Birthed from the desolate hollers of Southeastern Kentucky (and coming of age near Dayton, Ohio), the Osborne Brothers kicked things up a few notches, taking the traditional bluegrass of Monroe and pushing it across the once-forbidden musical boundaries into popular country music. Radio jingles like “Rocky Top” and “Ruby, Are You Mad” became staples of the respective genres. (In fact, Osborne first sang “Ruby, Are You Mad” on an Ohio radio station in 1948, and went on to become a member of the Lonesome Pine Fiddlers the following year.)

“Bobby was an electric guitar player first. But then he heard Ernest Tubb and those guys, and that’s what got him into [bluegrass and country music],” McCoury says. “And [Bobby] started putting that kind of [guitar] playing onto the mandolin. He was also a fiddle player, so was Jesse, and they adapted a lot of fiddle tunes and fiddle notes to the mandolin — more so than Bill Monroe.”

So, just what was it about Osborne’s mandolin style that set it apart?

“Bobby played almost every one of the melody fiddle notes. I guess you could call it single-note picking, as opposed to Bill Monroe, [who] used a lot of down strokes and a lot more powerful stuff,” McCoury says. “Early on, Bobby played those little solos and intros to songs that were really so different from anybody else at the time.”

At 56, McCoury himself has been a professional musician since he was asked to join his father’s band when he was just 14. But for Ronnie, it’s always been about acknowledging the trailblazing ways and means of those who came before him.

“A guy like me who came along so many years later, there were so many people ahead of me that were playing [bluegrass], and that’s who you have to learn from,” McCoury says. “But guys like Jesse and Bobby, they didn’t have many people to learn from, especially on the mandolin. They were adapting the music they heard to the mandolin — they knew they had to be different.”

The Osborne Brothers were different in another way too: they had crossover appeal from bluegrass to country. In 1971 they pulled off the rare feat of winning the CMA Award for Vocal Group of the Year, beating out the Statler Brothers.
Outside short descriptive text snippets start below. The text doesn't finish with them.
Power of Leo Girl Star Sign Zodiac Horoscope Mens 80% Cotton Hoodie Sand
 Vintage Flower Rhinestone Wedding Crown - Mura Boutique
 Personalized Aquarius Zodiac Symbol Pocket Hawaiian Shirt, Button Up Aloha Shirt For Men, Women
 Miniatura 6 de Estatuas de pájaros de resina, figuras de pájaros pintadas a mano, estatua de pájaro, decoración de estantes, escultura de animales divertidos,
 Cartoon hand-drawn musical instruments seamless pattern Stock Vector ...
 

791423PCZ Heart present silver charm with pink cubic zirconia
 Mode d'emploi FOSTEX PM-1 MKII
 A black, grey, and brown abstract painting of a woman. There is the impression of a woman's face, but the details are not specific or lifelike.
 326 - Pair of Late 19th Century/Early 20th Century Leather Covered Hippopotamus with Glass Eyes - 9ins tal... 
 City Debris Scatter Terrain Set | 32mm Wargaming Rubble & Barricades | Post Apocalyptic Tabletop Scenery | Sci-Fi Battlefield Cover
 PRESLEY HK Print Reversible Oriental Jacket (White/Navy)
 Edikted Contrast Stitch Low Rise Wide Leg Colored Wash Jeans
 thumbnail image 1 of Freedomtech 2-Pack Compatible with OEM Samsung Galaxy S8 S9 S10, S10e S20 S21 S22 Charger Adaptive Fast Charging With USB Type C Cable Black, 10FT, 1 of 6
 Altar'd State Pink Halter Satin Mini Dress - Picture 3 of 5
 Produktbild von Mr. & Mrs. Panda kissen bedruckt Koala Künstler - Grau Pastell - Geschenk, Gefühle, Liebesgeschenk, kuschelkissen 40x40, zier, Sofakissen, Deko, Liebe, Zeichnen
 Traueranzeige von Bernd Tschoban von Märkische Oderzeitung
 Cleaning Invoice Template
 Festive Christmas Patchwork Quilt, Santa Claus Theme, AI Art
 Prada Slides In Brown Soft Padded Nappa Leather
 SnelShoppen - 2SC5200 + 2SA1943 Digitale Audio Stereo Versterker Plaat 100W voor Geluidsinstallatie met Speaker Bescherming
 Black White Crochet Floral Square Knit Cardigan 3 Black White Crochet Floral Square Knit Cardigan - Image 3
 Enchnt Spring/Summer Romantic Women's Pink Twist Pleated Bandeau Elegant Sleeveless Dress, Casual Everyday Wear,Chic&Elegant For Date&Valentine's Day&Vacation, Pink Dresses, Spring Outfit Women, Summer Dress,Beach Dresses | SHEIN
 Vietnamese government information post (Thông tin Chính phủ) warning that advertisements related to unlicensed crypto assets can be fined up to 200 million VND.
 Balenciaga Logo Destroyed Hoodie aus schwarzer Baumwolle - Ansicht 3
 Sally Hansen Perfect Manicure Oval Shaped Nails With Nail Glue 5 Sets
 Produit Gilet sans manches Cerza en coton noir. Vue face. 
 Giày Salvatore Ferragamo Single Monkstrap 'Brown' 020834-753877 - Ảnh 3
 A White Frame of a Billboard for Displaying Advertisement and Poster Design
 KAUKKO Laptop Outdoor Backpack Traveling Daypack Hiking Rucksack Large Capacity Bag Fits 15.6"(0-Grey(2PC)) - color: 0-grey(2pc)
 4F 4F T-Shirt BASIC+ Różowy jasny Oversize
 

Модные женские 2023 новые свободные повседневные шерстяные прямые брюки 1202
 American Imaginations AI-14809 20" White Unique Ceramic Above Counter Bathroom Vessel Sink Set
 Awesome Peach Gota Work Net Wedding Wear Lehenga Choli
Bobby Osborne and Jesse McReynolds were also military veterans of the Korean War in the early 1950s. While stationed in Korea, McReynolds joined up with Charlie Louvin of the Louvin Brothers, and the duo played for the troops under the moniker the Dusty Roads Boys. Osborne was awarded the distinguished Purple Heart for wounds sustained in combat.

Gazing toward the future of the “high, lonesome sound,” it’s hard to think of what the cultural and sonic landscape of bluegrass will look like moving forward without Bobby Osborne and Jesse McReynolds. With the first generation of pickers and singers gone, where to from here?

“There are now two fewer spots on the Grand Ole Opry for bluegrass music, and that worries me,” Lewandowski says. “Bobby has been [playing bluegrass music] for 75 years. And after all those years, he still loved playing bluegrass, it didn’t matter if it was for 10 people or 10,000. It was incredibly inspiring to me.”

In terms of the current patriarchs and torchbearers remaining — the “living bridges” between the first generation of bluegrass and where we stand today — names like Bobby Hicks (age 89) and Del McCoury (84) bubble up, with Peter Rowan (80) and David Grisman (78) not far behind in terms of legacy and longevity. To note, McCoury and Rowan still keep a rigorous touring and recording schedule.

“My hat’s off to Jesse and Bobby,” Lewandowski says. “They left a trail that we can only walk on. We can’t improve on it.”

“[Jesse and Bobby] were pioneers,” Ronnie McCoury says. “This is the end of that generation.”